Open source software isn't a magic cure for lock-in.
In summary, lock-in is far from an all-or-nothing affair, so understanding the different flavors can help you make more conscious architecture decisions. The list also debunks common myths, such as using open source source software magically eliminating lock-in. Open source can reduce vendor lock-in, but most of the other types of lock-in remain. This doesn't mean open source is bad, but it isn't a magic cure for lock-in.
Making better decisions using models
Experienced architects not only see more shades of gray, they also practice good decision discipline. That's important because we are much worse decision makers than we commonly like to believe - a quick read of Kahneman's Thinking, Fast and Slow is in order if you have any doubt.
One of the most effective ways to improve your decision making is to use models. Even, or especially, simple models are surprisingly effective at improving decision making:
Simple but evocative models are the signature of the great scientist, but over-elaboration and over-parameterization is often the mark of mediocrity.
-- George Box
That's why you shouldn't laugh at the famed two-by-two matrix that's so beloved by management consultants. It's one of the simplest and therefore most effective models as we shall soon discover.
The more uncertain the environment, the more structured models can help you make better decisions.
There's a second important point about models: a common belief tells us that in face of uncertainty you pretty much have to “shoot from the hip” - after all everything is in flux, anyway. The opposite is actually true: our generally poor decision making only gets worse when we have to deal with many interdependencies, high degrees of uncertainty, and small probabilities.
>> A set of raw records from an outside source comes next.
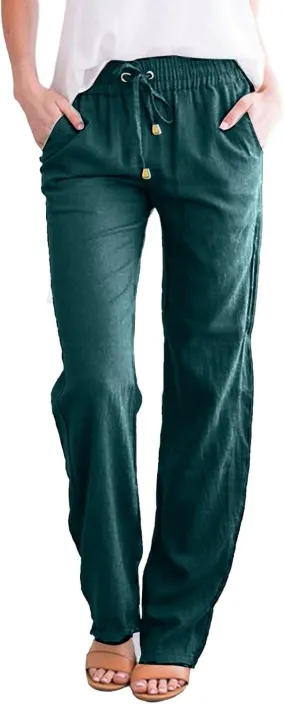 Women's Linen Pants Dressy Loose Elastic High Waisted Baggy Wide Leg Office Palazzo Pants Trouser with Pockets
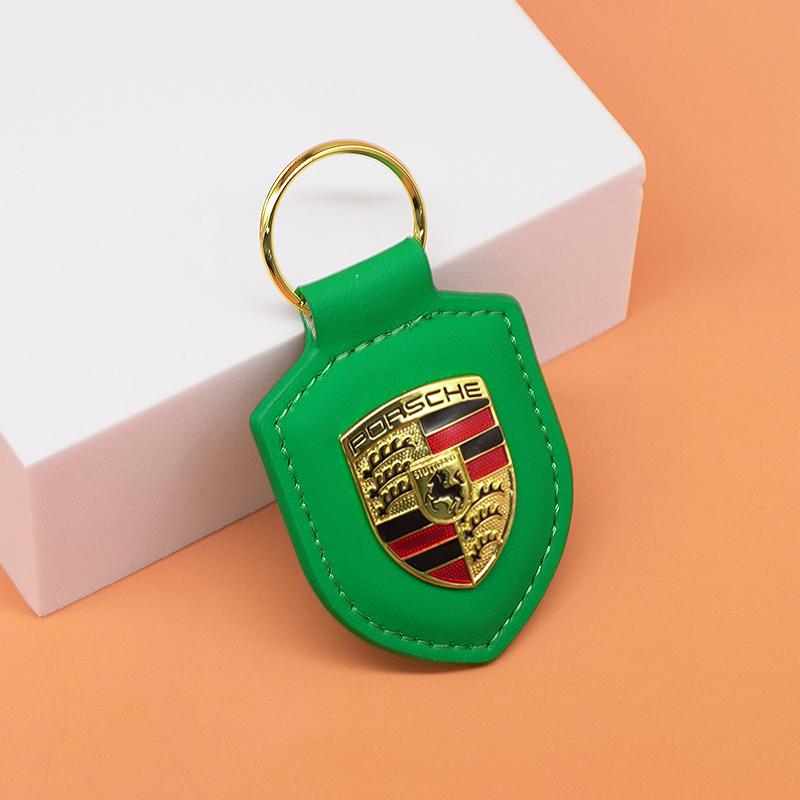 Car Leather Keychain Shield Type 3D Emblem Key Ring For Porsche Panamera Cayenne Taycan 911 718 Macan Carrera-GT 928 944 968 944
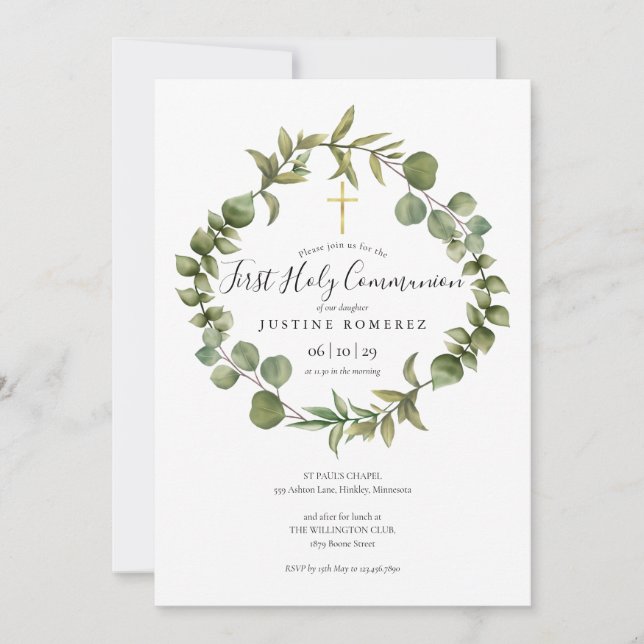 Invitación Primera Comunión Elegante Modernidad Verde (Anverso)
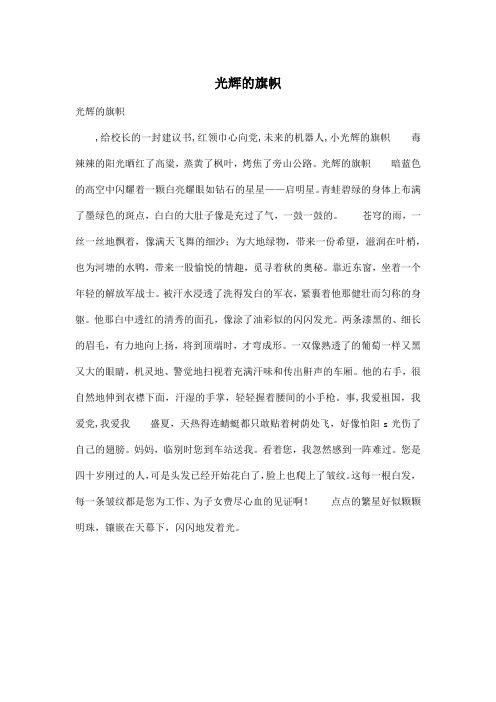 光辉的旗帜_初中初一作文500字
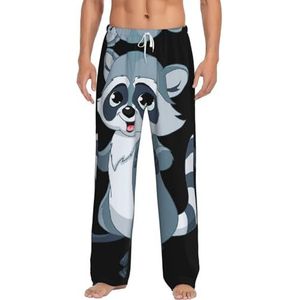 Leuke Wasbeer Mannen Lange Lounge Wear Broek Nachtkleding Pyjama Bottoms Nachtkleding Nachtkleding Met Zakken En Trekkoord, Wit, S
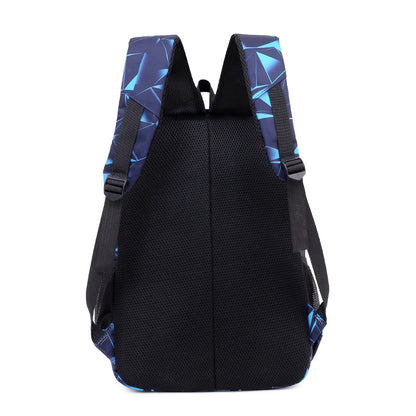 A four-petal flower backpack splash-proof 900D printed cloth three-piece package new trendy brand fashion and leisure college style.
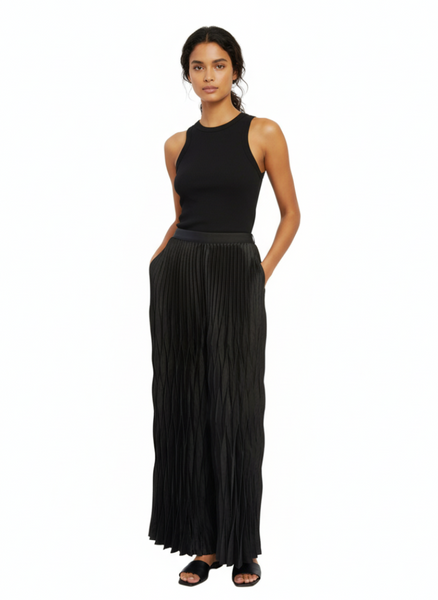 Satin Pleated Dress Pants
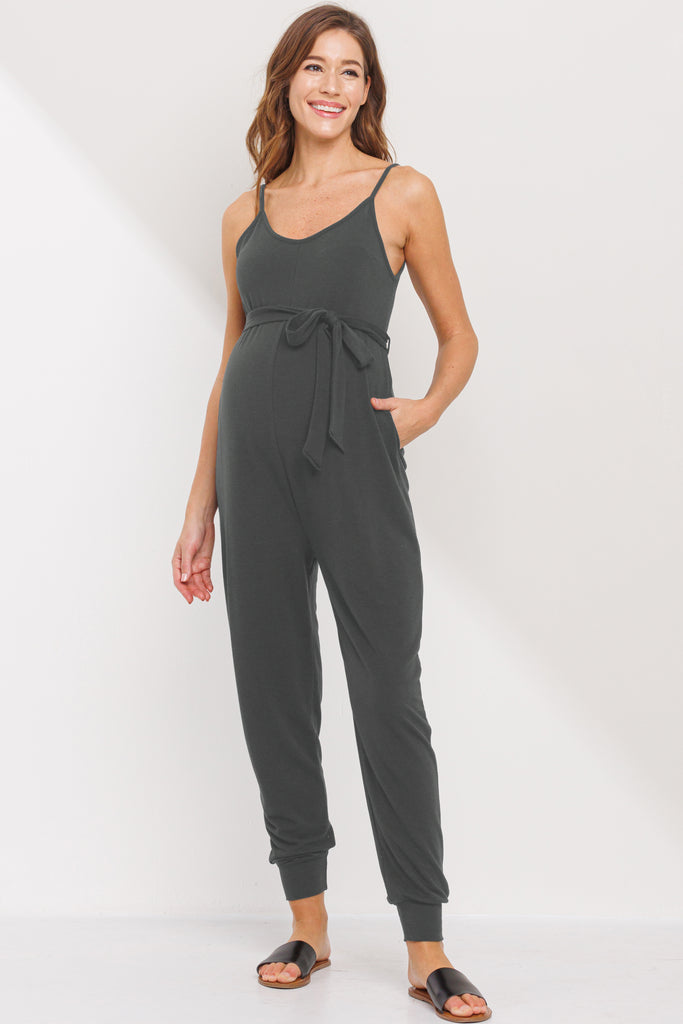 Dark Grey Sleeveless Belted Maternity Jumpsuit Front
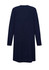 A navy longline cardigan with long sleeves and a straight cut back view. It features a logo.
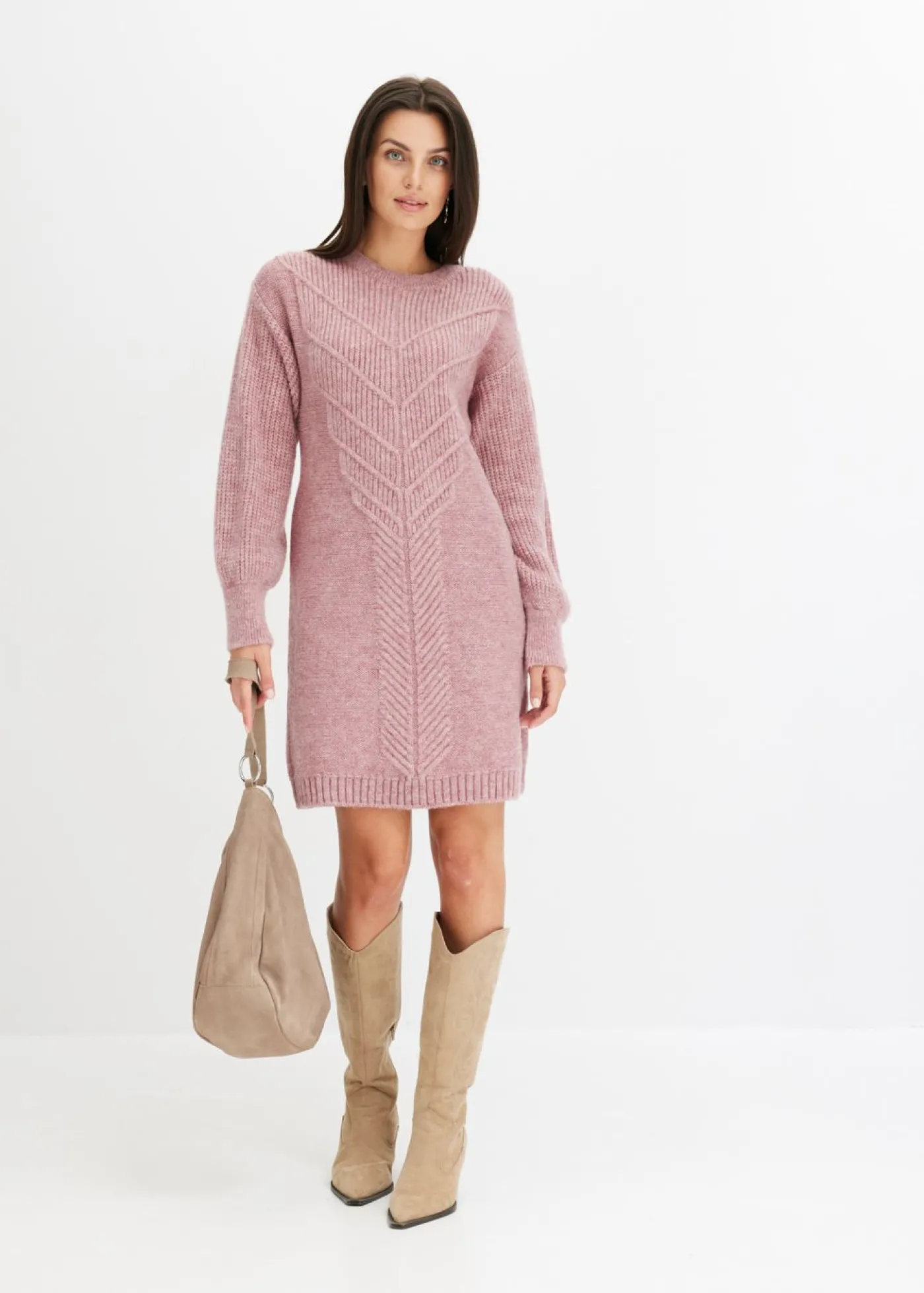 bonprix bonprix Vestido de punto rosa pálido moteado Outlet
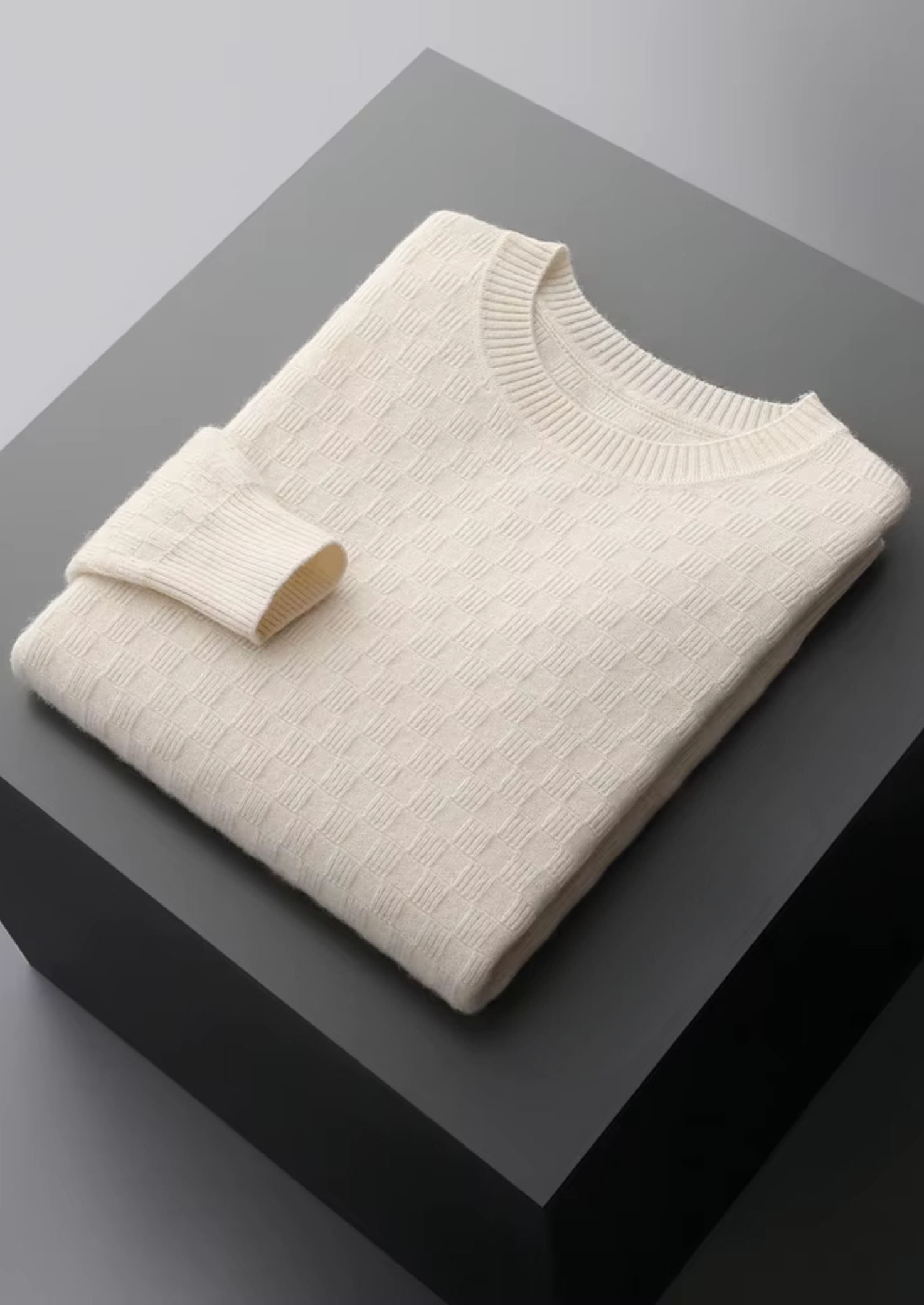 MAISON CASHCRAFT™ TEXTURED CREWNECK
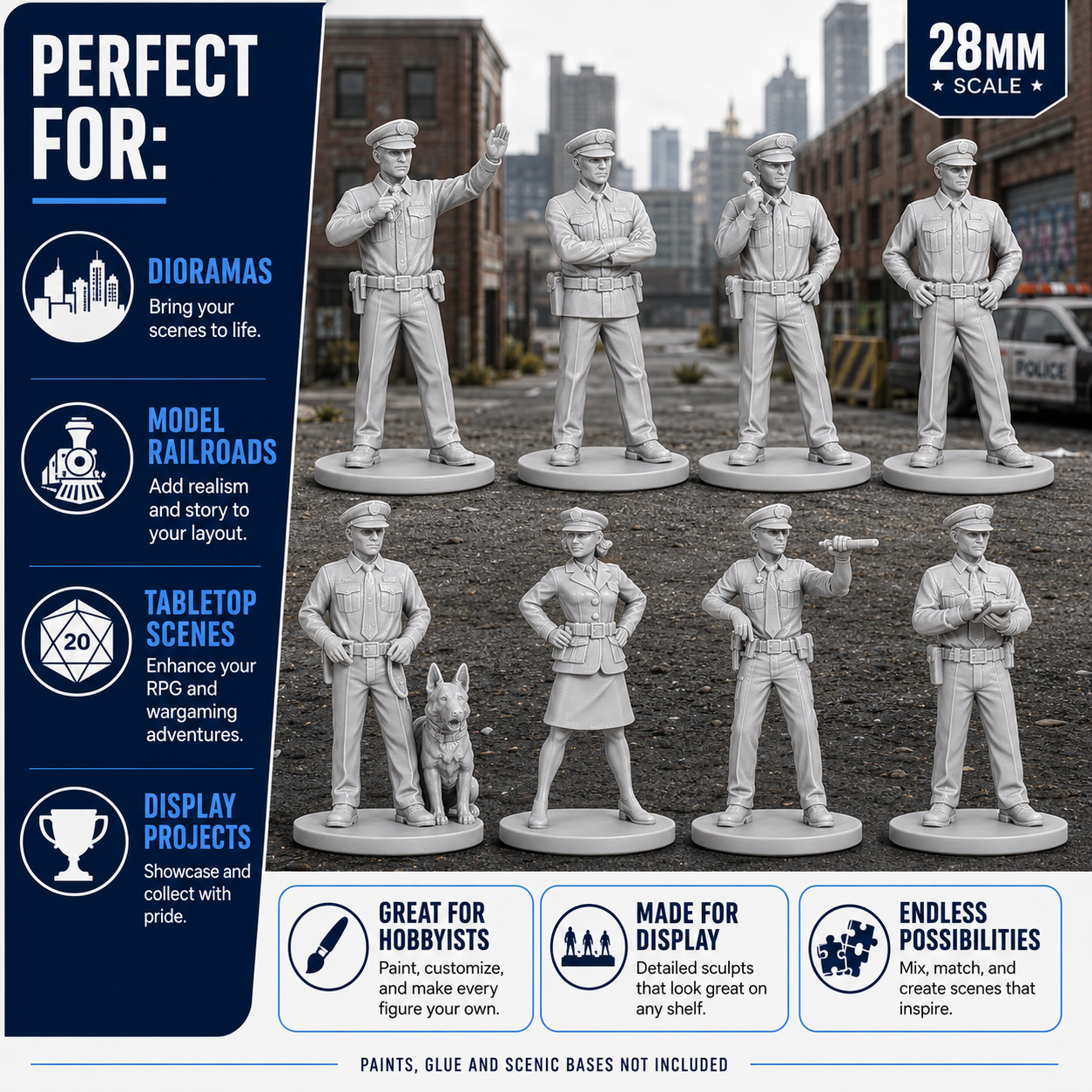 Police Series 1 – 28mm Unpainted Resin Figures – 8-Piece Set - Image 8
Therefore, this is where models help the most to bring much needed structure and discipline into our decision-making. Deciding on whether and to what degree to accept lock-in falls well into this category, so let's use some models.
Lock-in as a two-by-two matrix
A simple model can help us get past the “lock-in = bad” stigma. First, we have to realize that it's difficult to not be locked into anything, so some amount of lock-in is inevitable. Second, we may happily accept some amount of lock-in if we get a commensurate pay-off, for example in form of a unique feature or utility that's not offered by competitive products.
Let's express these factors in a very simple model - a two-by-two matrix:
The matrix outlines our choices along the following axes:
- switching cost (aka “lock-in”): how difficult will be for us to move to another solution?
- unique utility: how much are we gaining from the solution compared to alternatives?
We can now consider each of the four quadrants:
- Disposable: Components that don't have a unique utility and are easy to replace are the ones we may have to worry about the least. We can leave them as is or, if we face any issues, we can easily replace them. Not a bad place to be for run-of-the-mill stuff. For example, most developer IDEs (EMACS likely being a notable exception!) fall into this category: mix and match as you please and don't get too attached to them. Cloud storage for all your photos and other personal data has also largely moved your smartphone device into this box, but more on this later.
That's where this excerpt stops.